Funny enough, without knowing that communism would be over, some of us were somewhat prepared. We did a lot of experimental art before the revolution. In fact, I did my first drawing on the wall in 1988. We tried to do things differently from what we saw in traditional art. At that point, we didn’t have much information from the West, so we were experimenting blindly with different ideas and media. I used photography or performance art (we called it „actions”) and the combination of the two… acting was not done for an audience but for the photo camera. I had mixed feelings about this period. On the one hand, I thought for a long time that we were some kind of cowards, who didn’t directly fight the dictatorship. On the other hand, I know now that the simple act of acting, exhibiting, meeting, and talking (while the entire society was obsessively surveilled and recorded) was the resistance. I still think I should have done more. That’s why I do what I do now… before it’s too late.
After the revolution, I was active in promoting my generation of young artists and stopping the stupid shows and exhibitions that Romania was sending abroad. A major institutional change for me was that I started working for the Ministry of Culture in 1990 (I resigned a couple of years later). The funny thing was that I did not see a conflict of interests in working for the Ministry during the day and going to protests against the government in the evening! The „new” so-called democratic regime used the working class (the miners from the Southern region of Romania) as a paramilitary force. They were brought on trains to Bucharest to crush student protests (similar to the protest in Tiananmen Square in 1989), occupy the city, and beat people to death. Anybody looking progressive, Western, with long hair and blue jeans could be attacked. I barely escaped… I was trapped in my country, marked like cattle. The human body was radical; people died on the streets for freedom. And it was cheap. We were very, very poor.
The change started after the revolution in Timisoara. In 1991, artists there initiated a three-day festival combining all the arts that the communists had forbidden, namely performance art and installation. In 1993, Ileana Pintilie started a performance festival called Zona Festival. This was the first attempt at a regional, Eastern European festival (artists from Hungary, Serbia, and Poland were invited). That year I did a tattoo piece, one of the most radical works in my career. I tattooed the name of my country on my shoulder.
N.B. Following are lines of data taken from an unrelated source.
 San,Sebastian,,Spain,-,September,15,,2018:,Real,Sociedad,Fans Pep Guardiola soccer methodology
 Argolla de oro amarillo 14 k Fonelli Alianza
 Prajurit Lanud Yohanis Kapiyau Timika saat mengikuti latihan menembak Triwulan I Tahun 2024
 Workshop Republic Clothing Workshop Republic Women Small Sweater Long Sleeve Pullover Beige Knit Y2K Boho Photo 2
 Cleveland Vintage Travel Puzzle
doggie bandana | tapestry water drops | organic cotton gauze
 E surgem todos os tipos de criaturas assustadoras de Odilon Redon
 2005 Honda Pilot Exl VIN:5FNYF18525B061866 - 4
Back then, there were no tattoo salons for the wider population in Romania, only sailors and criminals had tattoos. That was also the time when we started discussing questions like What is art? What is performance? There were also several other performance festivals popping up around Ana Lake in the mountains of Transylvania, or the Periferic Festival in Iasi (near the eastern border of Romania) in 1997. Periferic later became the International Biennial of Contemporary Art. It started as a fringe festival but grew increasingly bigger. It stopped after several editions because the organisers got exhausted. The big event now is Art Encounters, a good medium-sized biennial of art in Timisoara.
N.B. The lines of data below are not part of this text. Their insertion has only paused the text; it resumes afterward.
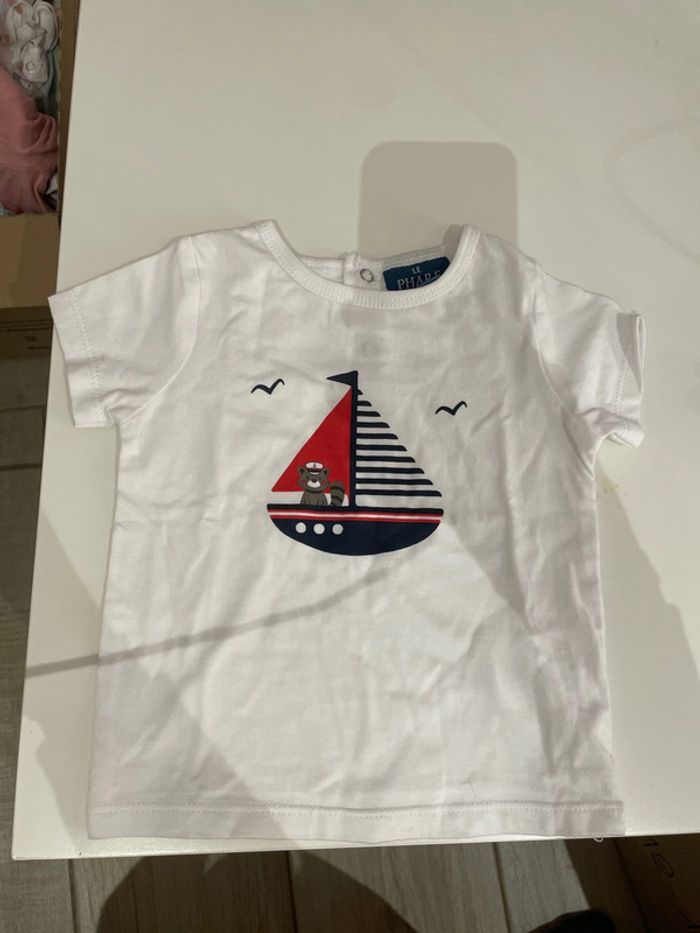 Tee shirt manche courte 12 mois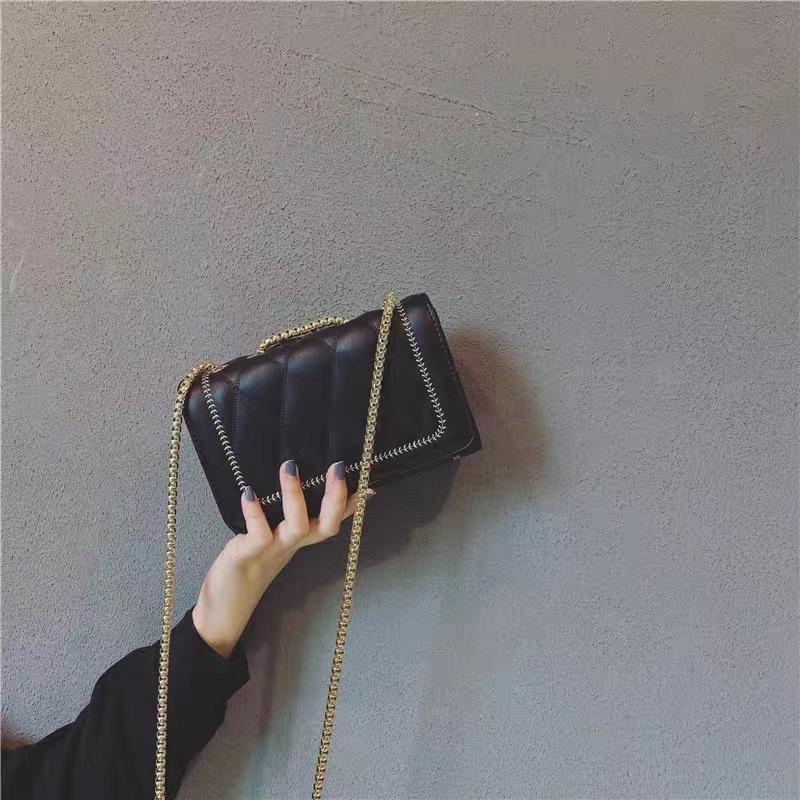 Niche feeling autumn and winter small bag women's new trendy versatile messenger bag mini diamond chain bag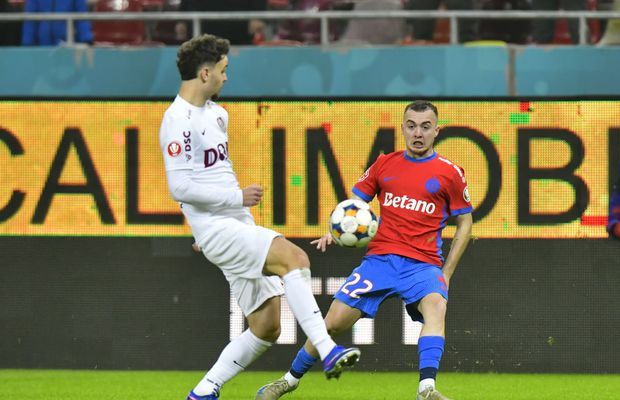 Concluzia e clară: Mihai Toma trebuia să marcheze cu CFR Cluj, însă nu fotbalistul de la FCSB a irosit cea mai mare șansă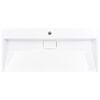 vidaXL Wash Basin 39.4"x18.1"x4.3" Mineral Cast/Marble Cast White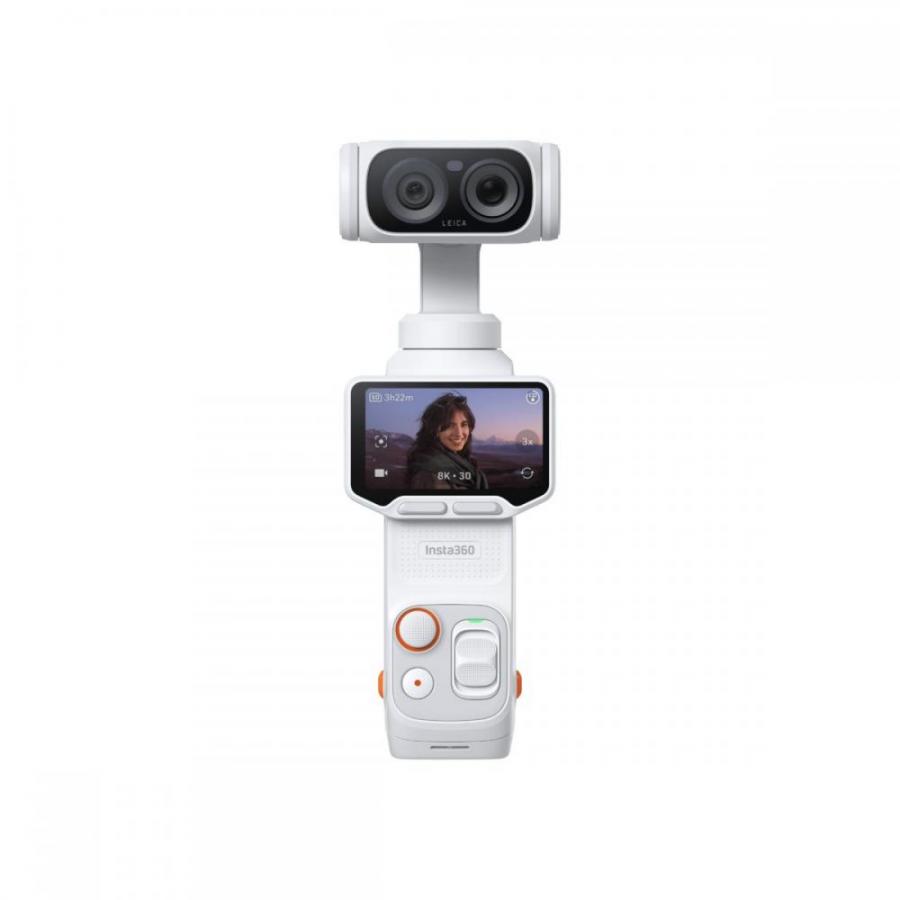 Insta360 Luna Ultra Creator Bundle White - 1-Inch 8K Leica Sensor, Dual Lens, Triple AI Chip, OLED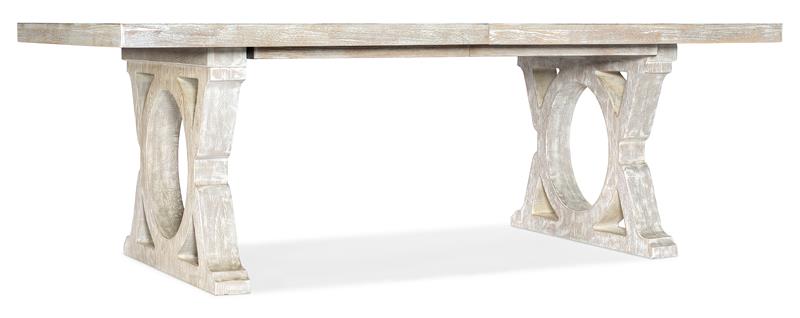 Serenity Topsail Rectangle Dining Table with 2-18in Leaves - 6350-75207-80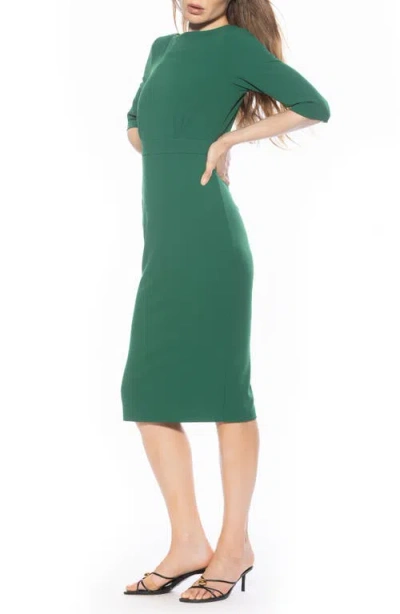Alexia Admor Seraphina Boatneck Sheath Dress In Green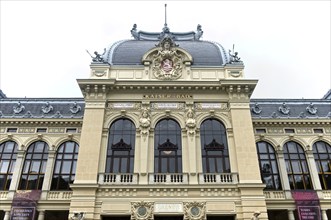 Renewed façade on the Imperial Spa House, Karlovy Vary, Bohemia, Czech Republic, Europe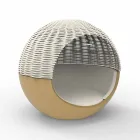 Tumbona de jardín de lujo con diseño redondo con cuerda trenzada - Ulm Moon by Vondom viadurini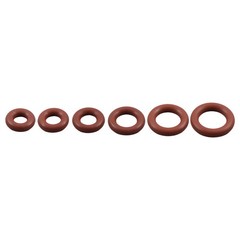 180 Pcs O-Ring Brown Metric FKM O-Ring Kit Fit High Heat Applications with Box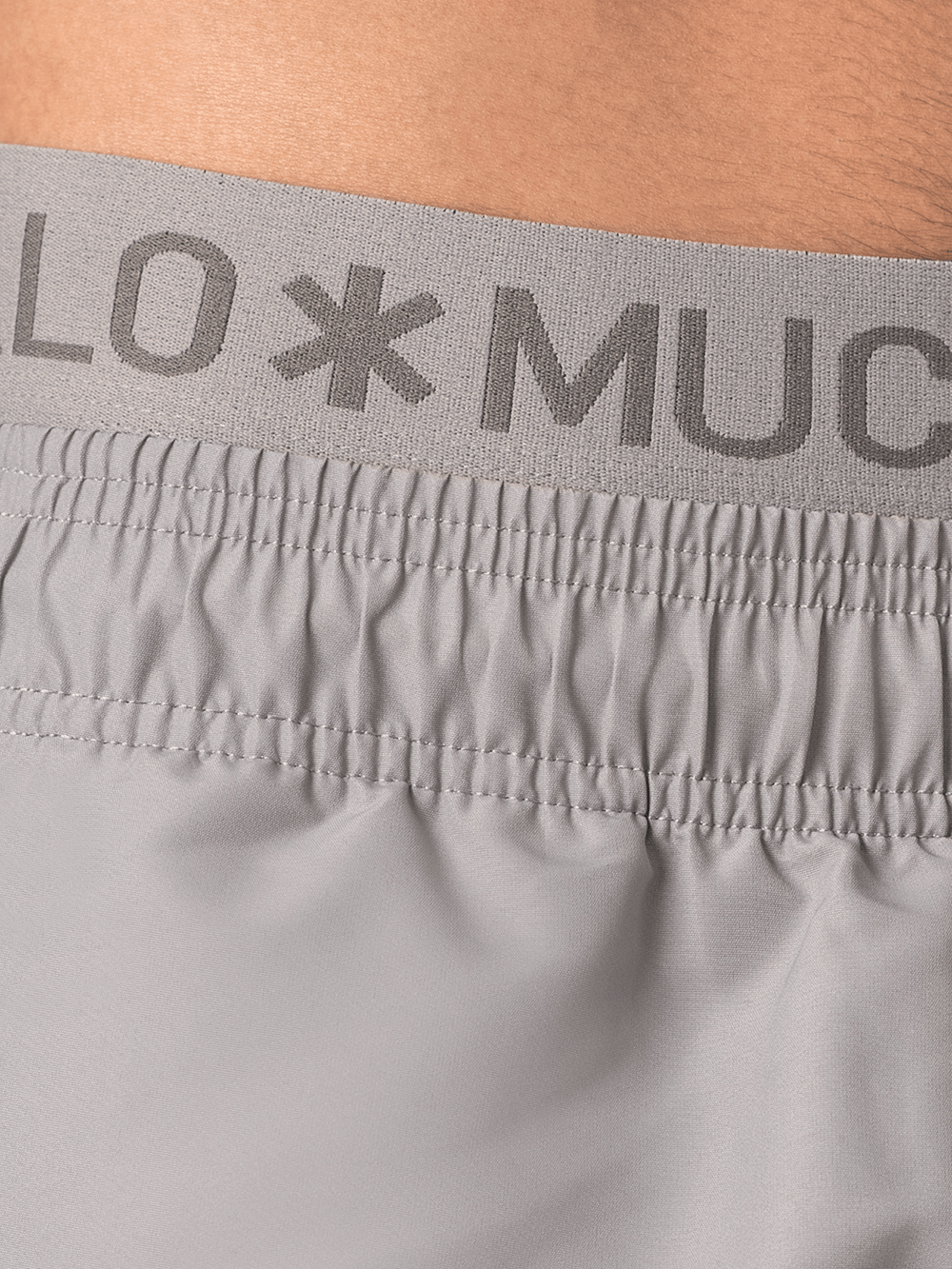 Heren Zwembroek Grijs + Gratis Microfiber boxershort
In the first decade after the huge political change, we were more naïve in Romania compared to other countries and artists, but that gave us the power to experiment with our ideas. We were part of this very progressive period of exhibitions and festivals. We also found ourselves in opposition to neo-orthodox artists. Suddenly, these guys were praying to Jesus… whatever religious activity the communists prohibited, these people suddenly picked that up again. At the beginning, they even accused us of being anti-Romania because our progressive art and performance pieces were different, more radical compared to the conservative work they produced.
In 1994, I got a scholarship in the US through the USIA & Mid-America Arts Alliance. I was taken around different states in the US and visited artist-run and alternative art spaces. That really opened my world. In 1995, I got the ArtsLink fellowship and a residency and project at Franklin Furnace in Tribeca, New York City. To maximise the six-week residency, I arranged with Martha Wilson, who is a well-known performance artist in the US, to start on day one and draw with a pencil on the walls of the gallery. I made a grid and drew a portrait in each square. That took me a month. The opening was on 1 December, on World AIDS Day, so we gave everyone who attended the opening an eraser and invited visitors to erase one portrait or more in the memory of friends who died. It was great, I felt powerful, because I controlled the space. Many people attended the opening, and the exhibition was featured in the magazine Art in America. That same year, I published the book Postcards from America, while the Contemporary Museum in Chicago organised an exhibition with East European artists. I was one of them, and they put my work on the cover of the catalogue. It was a big body of work entitled Athropoteque, the Library of Humans, with stacks of drawings, actually 5,000 of them, designed in a way that one could touch and flip through the work… It took me three years to complete that. Later, I sold it to the famous collector Peter Ludwig, the guy who opened the Ludwig Museums in Cologne, Aachen, and Budapest. This also showed me that things were happening.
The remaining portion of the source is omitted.